Anyway, in “A to Z” we are going to watch their dating life. That is why the show is a relationship comedy more than a romantic one, due to we are not going to watch a couple come together or seeing them resolve a rift. We are going to delve into the eight months, three weeks, five days and one hour that they date.

Social media is going to play an important part on the show, because Andrew works at an internet dating company and because they are going to talk about modern app dating.

In a conversation with The Outsider Argentina, Ben Queen, the creator of “A to Z”, spoke about the idea of the show, the characters and the first reaction of the audience.

How did you come up with the idea of the show “A to Z”?

I wanted to do a relationship comedy, something inspired by my experience with my wife and the idea of seeing something from beginning to end sounded like a fun idea. There’s been a lot of “will they or won’t they” rom-coms on t.v. It seemed like time to try another straight up relationship show. I also liked the idea that it would be comprehensive and the idea of learning about something from “A to Z” seemed to say it all – from soup to nuts, the whole deal. And then naming them Andrew and Zelda… it’s all very cutesy I suppose but the stories we are telling are much more grounded and realistic so I’m okay with that.

“A to Z” is more than a romantic comedy, how can you describe the show?

I pitched it as a relationship comedy. Most rom-com’s, by definition, are about watching a couple come together, or seeing them resolve a rift. A relationship comedy is about watching them date and all that stuff. That’s really what the show is. It’s taking a look at that period right after you meet someone and fall hard all the way through until the moment in which you are forced to make a commitment to that person or not. That’s the first season of the show – their dating life. The first season is the eight months, three weeks, five days and one hour that they date. After that we have a lot of fun things that will happen as well – if we’re still around. 🙂

How did you create the characters of Andrew and Zelda? Are they based on real people?

As I’d mentioned before, I started with my wife and I. The story of the pilot happened to my wife and I. We met, fell in love and then found out that we’d both been to the same concert years before. I remembered seeing a girl at that show and thinking “I wish I were here with her”. I put all my desires and wishes on this random girl who I didn’t go talk to. I’m convinced it was my wife. Her take on this was “Yeah, maybe it was me and maybe it wasn’t.” That was the creation of the two characters and the show.

What can you tell us about their friends?

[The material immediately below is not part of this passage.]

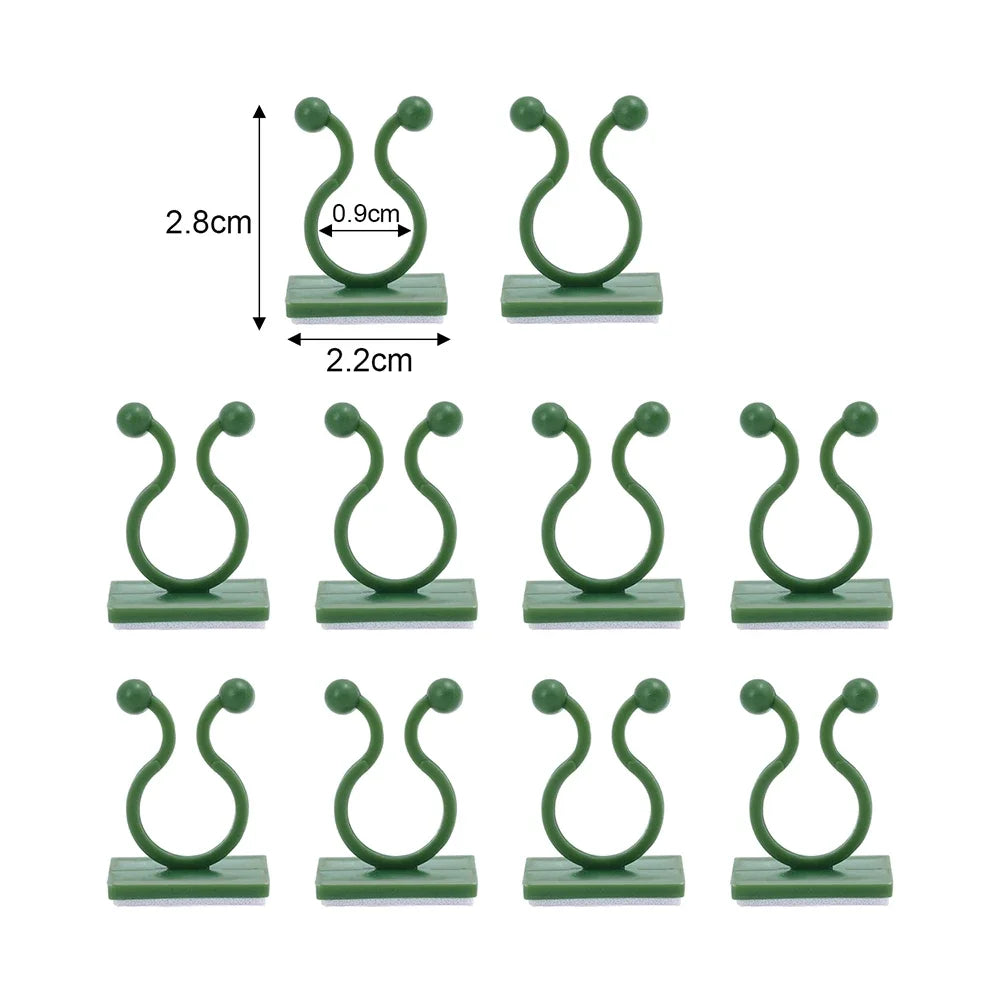 Self-Adhesive Plant Climbing Clips, Small/Medium/Large, 20–200 Pack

Stu and Stephie are their best friends. Both will have their own relationship stories with other characters as the show goes on. The stories need friends and the ensemble of the show is really strong. Everyone on the show is grappling with love and relationships. In a perfect world, this show can stick around and we can turn it into a little bit of a “Love Actually” situation where we’re following everyone’s love lives.

Andrew seems to remember Zelda from a party, are we going to watch some flashbacks of their lives?

There are flashbacks in almost every episode, sometimes to their childhood, sometimes to revisit aspects of the same episode from different angles. Time is a fluid thing with the show and I love bouncing around. We’re trying to do so in a way that doesn’t feel completely like the “comedy pop” vernacular of sitcoms today but something that can flashback to deepen character, stuff like that.

Why did you decide to use a narrator in the story?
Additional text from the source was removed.